**Dataset extract:**
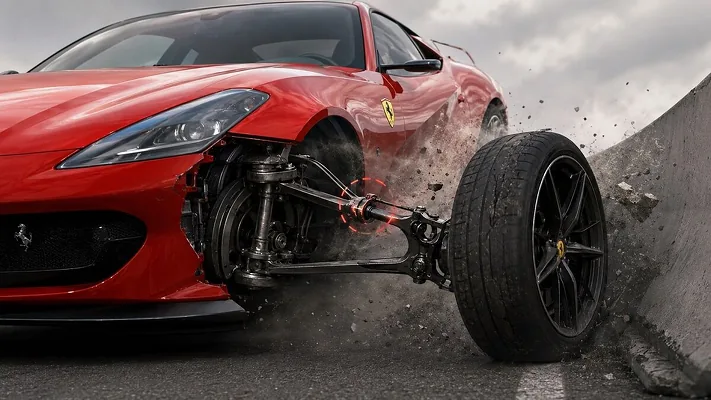 Ferrari запатентовала систему экстренного отсоединения колёс при аварии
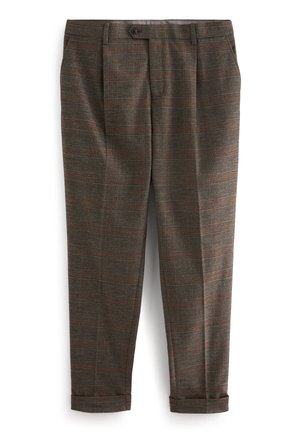 SLIM FIT CHECK - Kostiuminės kelnės - brown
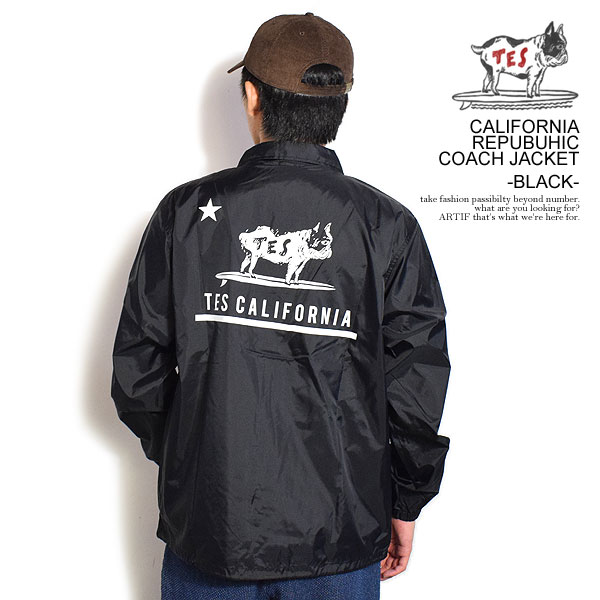 The Endless Summer エンドレスサマー TES CALIFORNIA REPUBUHIC COACH JACKET -BLACK- メンズ ジャケット コーチ atfjkt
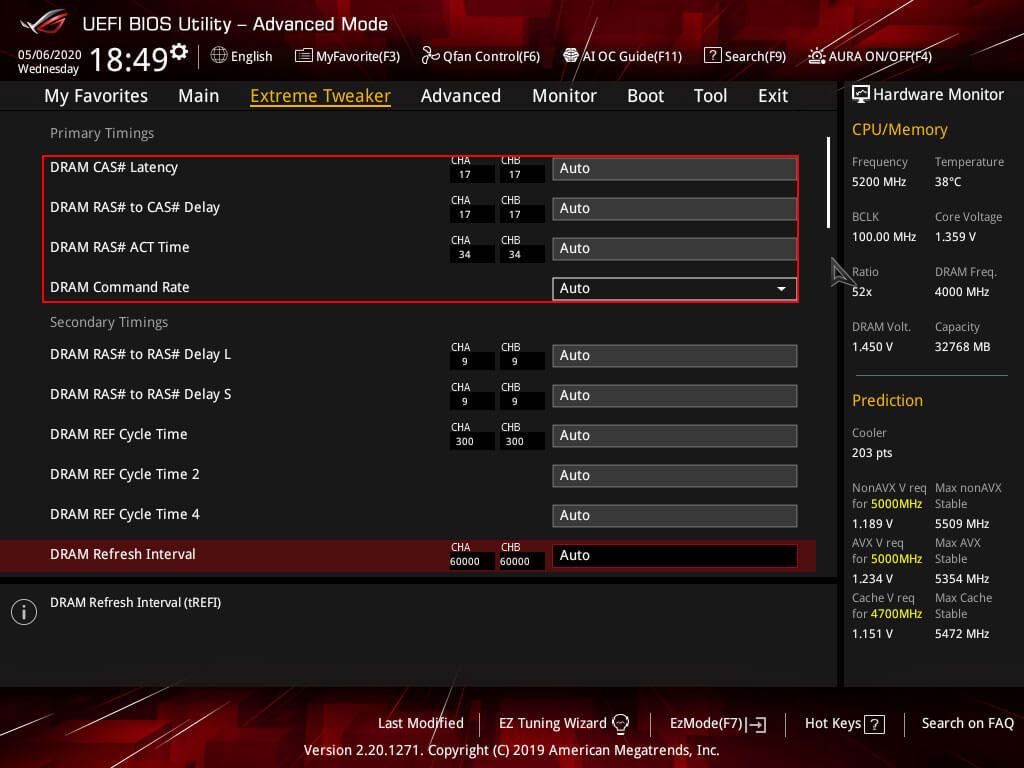 UEFI BIOS primary timings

**What you should do:** Restate every line of the listing exactly. Pictures are not part of the copy.

**Result for this exercise:**
 Ferrari запатентовала систему экстренного отсоединения колёс при аварии
 SLIM FIT CHECK - Kostiuminės kelnės - brown
 The Endless Summer エンドレスサマー TES CALIFORNIA REPUBUHIC COACH JACKET -BLACK- メンズ ジャケット コーチ atfjkt
 UEFI BIOS primary timings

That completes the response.